« Back403ing AI Crawlerscoryd.devSubmitted by cdme 10 months ago
  • delifue 10 months ago

    In my opinion, the best way of fighting with crawlers is not giving error feedback (403). The best way is to give the crawlers low-quality AI-generated data.

    • marcus0x62 10 months ago

      Self plug, but I made this to deal with bots on my site: https://marcusb.org/hacks/quixotic.html. It is a simple markov generator to obfuscate content (static-site friendly, no server-side dynamic generation required) and an optional link-maze to send incorrigible bots to 100% markov-generated non-sense (requires a server-side component.)

      I do serve a legit robots.txt file to warn the scrapers I know about away.

      • shakna 10 months ago

        I may have a system in place that starts the pipeline for fetching a very, very large file (16TB, text file designed for testing). Not hosted by myself, except the first shard.

        A surprising number of agents try to download the whole thing.

        • kazinator 10 months ago

          Right, and that's why honeypots work against many targets. Why serve them an actual file, when a cgi script or whatever can just generate output in a loop.
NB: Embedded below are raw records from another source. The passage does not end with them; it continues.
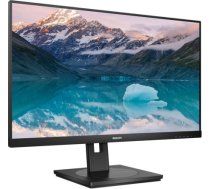 PHILIPS 242S9JML/00 23.8inch 1920x1080 VA Flat H/A 130 MM 4ms GtG 75Hz USB HUB SPEAKERS DP HDMI 242S9JML/00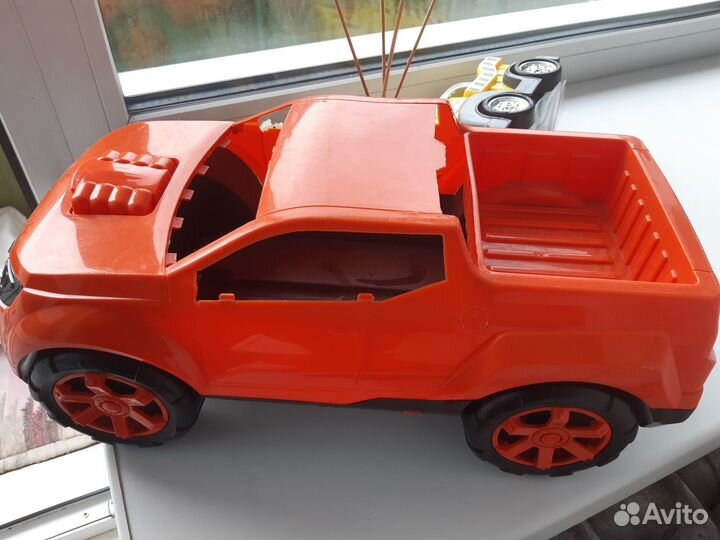 Машина самосвал игрушки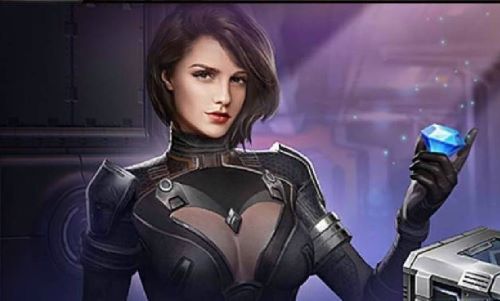 パズル＆サバイバル　フィネス女①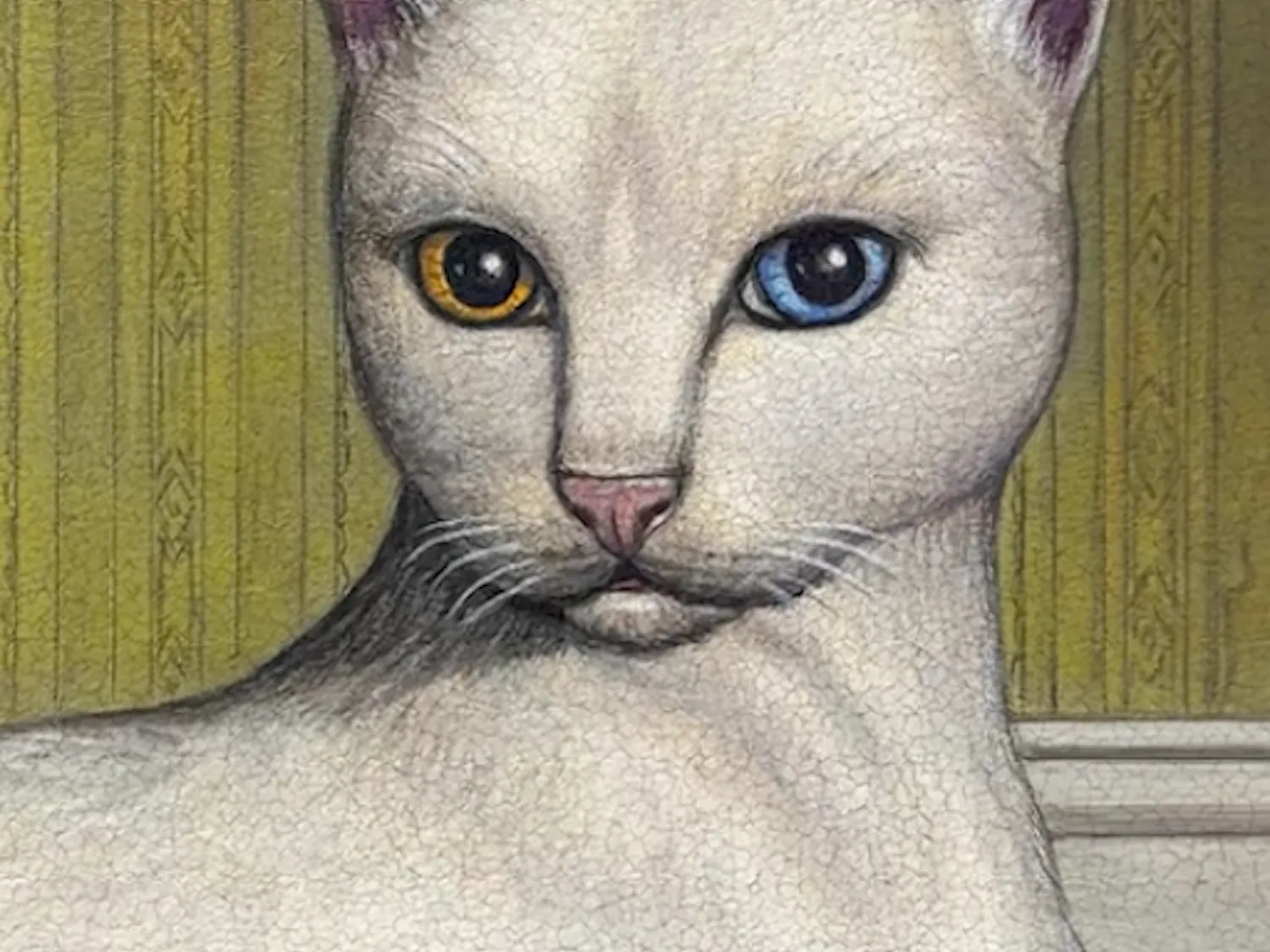 Album art for Mitski’s eighth studio album “Nothing’s About to Happen to Me.” (Photo courtesy of Apple Music)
          • andrewmcwatters 10 months ago

            Someone has to front the bandwidth.

            • kazinator 10 months ago

              Ah, speaking of that, of course you don't generate the fake data as fast as you can. You just trickle it out often enough for them not to time out.

              • BitPirate 10 months ago

                That's why you should run a tarpit instead.